**Information provided**:
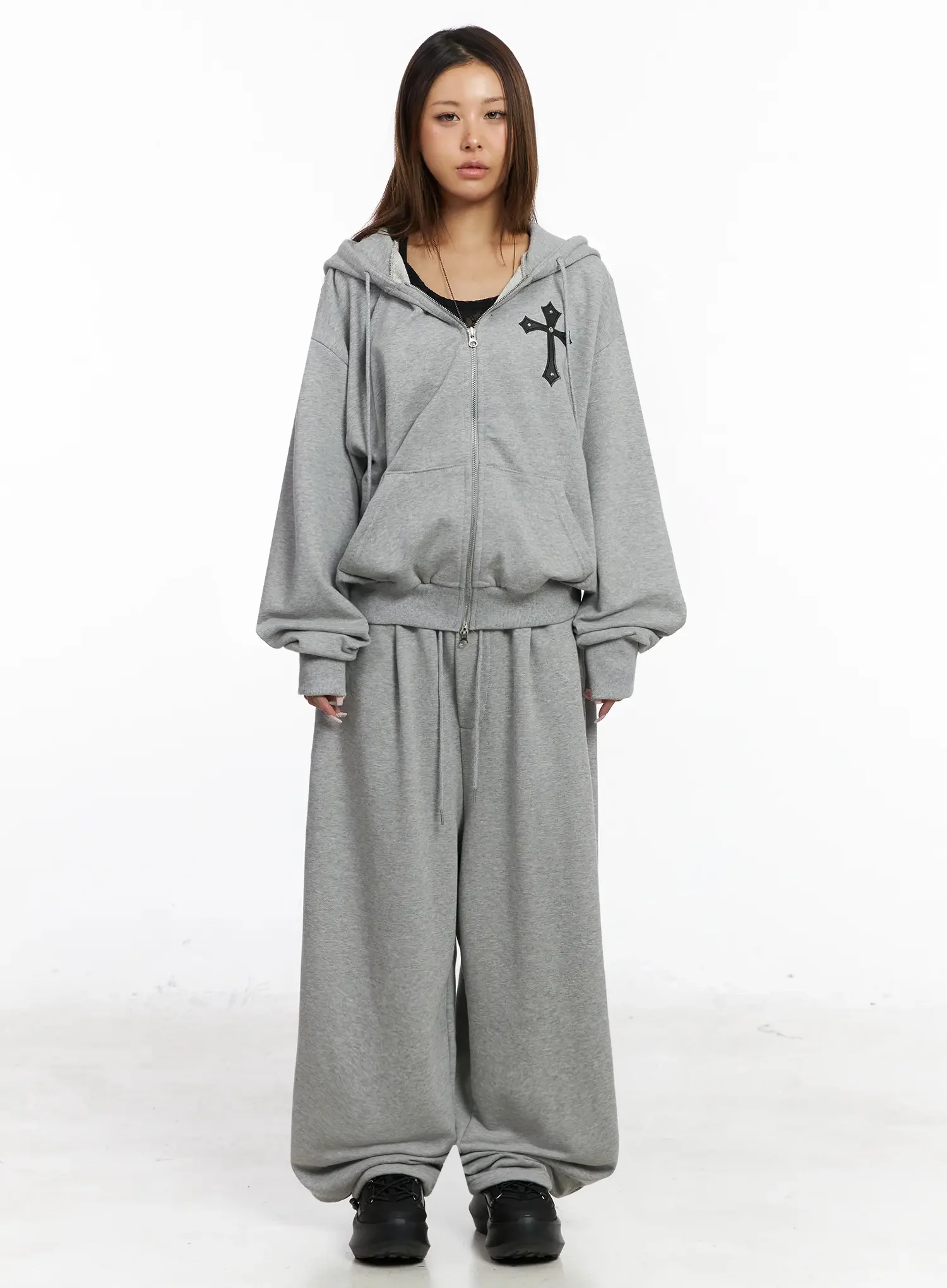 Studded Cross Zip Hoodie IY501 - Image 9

---

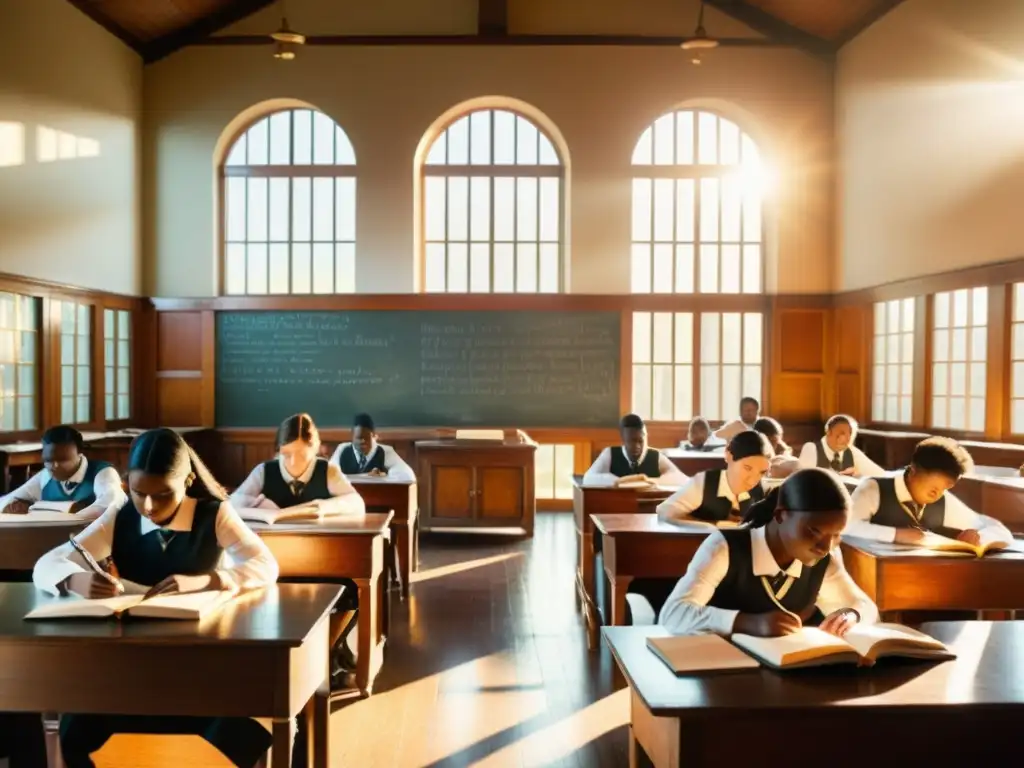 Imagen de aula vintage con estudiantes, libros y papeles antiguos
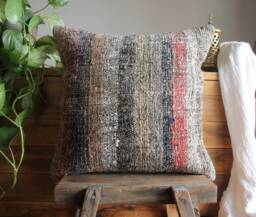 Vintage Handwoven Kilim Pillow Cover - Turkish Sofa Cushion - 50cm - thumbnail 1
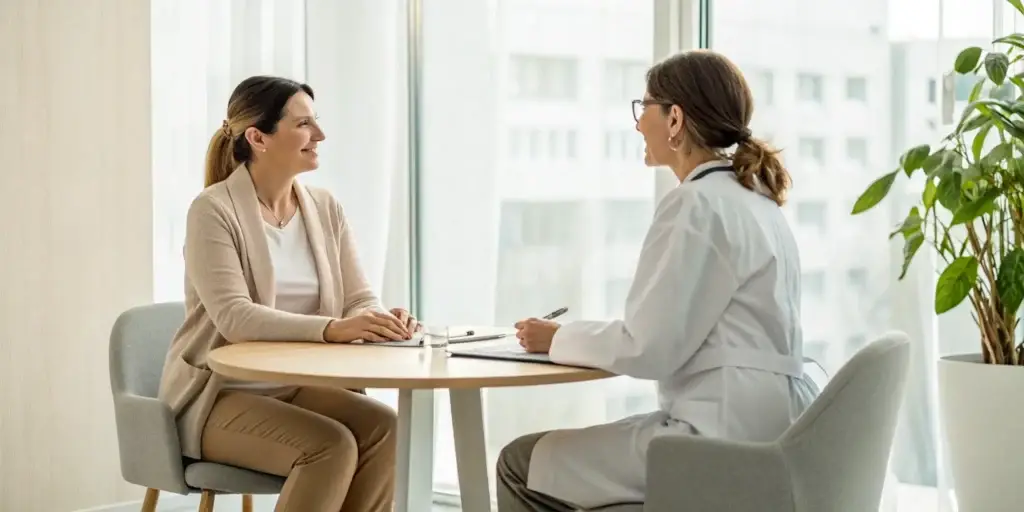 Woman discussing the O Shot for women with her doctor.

**Your instructions**:
Would you transcribe the lines above exactly, going from the line bearing "Vintage Handwoven Kilim" through the line bearing "Woman discussing the", and drop the pictures from the copy?

**Output below**:
 Vintage Handwoven Kilim Pillow Cover - Turkish Sofa Cushion - 50cm - thumbnail 1
 Woman discussing the O Shot for women with her doctor.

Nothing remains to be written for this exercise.